Merck'in yaptığı açıklamaya göre 2021 yılı içinde 20 milyon hastaya yetecek kadar ilacı üreteceklerini söylediler. Aşılarla birlikte vaka sayılarında bir azalma olacağını düşünürsek, bu aslında çok büyük bir rakam. Belki bütün dünyaya yetmez ama çok büyük bir ihtimalle Amerika, Avrupa ve Türkiye'de hastalara yetecek kadar üretilebilir. Aynı zamanda Türkiye'de de ilaç üretilebilir. Merck, Türkiye'deki ilaç firmalarıyla anlaşma yapar ve sonuç alınır.
Aşılar hemen hemen tüm dünyada yayılırken şimdi de ilaçların etkinliği artmaya başladı. Örneğin Küba'da Itolizumab isimli ilacın, üç hastadaki sitokin oranlarını azalttığı açıklandı. Yine İsrail'de EXO-CD24 adlı ilacın sitokin oranlarını azalttığı söyleniyor. Şimdi de molnupiravir...
Salgında artık aşı çalışmalarının yerini ilaçlar mı alıyor?
Pandeminin en başında bizim öngörümüz ilaçların önde olacağı, aşıların biraz sonra çıkacağı yönündeydi. Fakat tam tersi oldu. Bunun nedenini aşıların beklenenden yüksek bir başarı göstermesine bağlıyorum. İlaçlar kısmını değerlendirecek olursak, aslında epey bir ilerleme kaydedildi. Bahsettiğiniz Itolizumab adlı ilaç Dünya'nın birçok ülkesinde hatta Türkiye'de de kullanılıyor. Bunun amacı stokin fırtınasını azaltmak. Yine İsrail'deki EXO-CD24 adı verilen ilacın da amacı aynı şekilde bağışıklığı güçlendirmek.

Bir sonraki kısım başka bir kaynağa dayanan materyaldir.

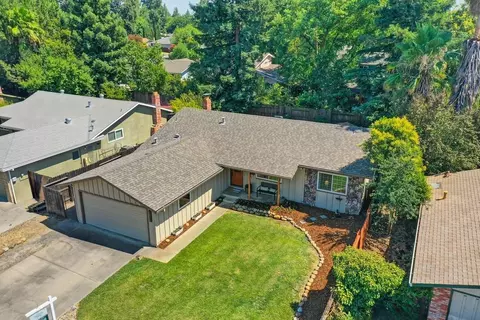 View/Area - 2620 Blackburn Dr, Davis, CA 95618 photo 2 of 4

Ne kadar etkili olduğu konusunda bir kesinlik olmasa da hafif ölçekli de olsa olumlu bir katkı sağlayacaktır. Tüm bu ilaçların amacı aslında son evrelerde olan hastaların güçlendirilmesi. Ancak o son evreye gelmeyi önleyen antikorlar da ilaç olarak onaylandı. Regeneron Pharmaceuticals ve Eli Lilly and Company firmasının geliştirdiği antikorlar var. Bu tarz antikorlar erken verildiği takdirde yüksek derecede olumlu etkiler sağlayabilirler. Hasta daha hastaneye yatmadan önce bu antikorlar verildiğinde ağır hastalığı önemli derecede engelleyebiliyor.

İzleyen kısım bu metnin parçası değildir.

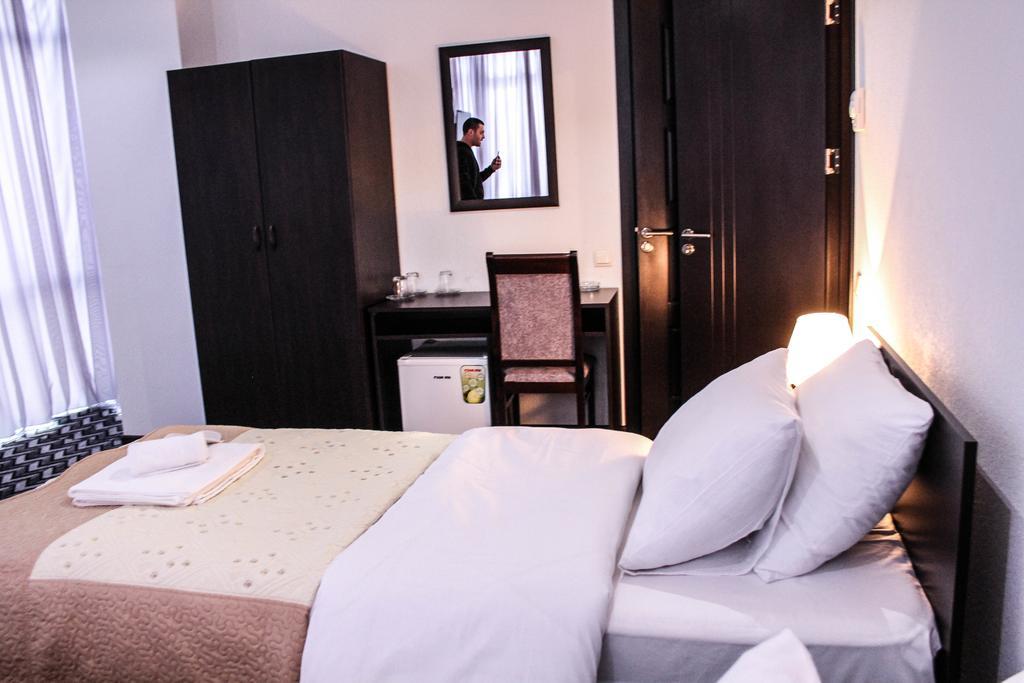 Hotel Royal Georgia Tbilisi Esterno foto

Antikor tedavisinin bir dezavantajı var mı?
Var, bazı mutasyonlar antikor tedavilerini etkisiz hale getirebiliyor. Örneğin, Güney Afrika ve Brezilya mutasyonları Ely Lilly firmasının yaptığı antikorların etkisini hemen hemen yok ediyor. Yalnız ilaçla tedavi konusunda ben umutluyum. Hem aşılarla hem ilaçlarla bu hastalığı bir şekilde tolere edebilecek düzeye getireceğimize inanıyorum.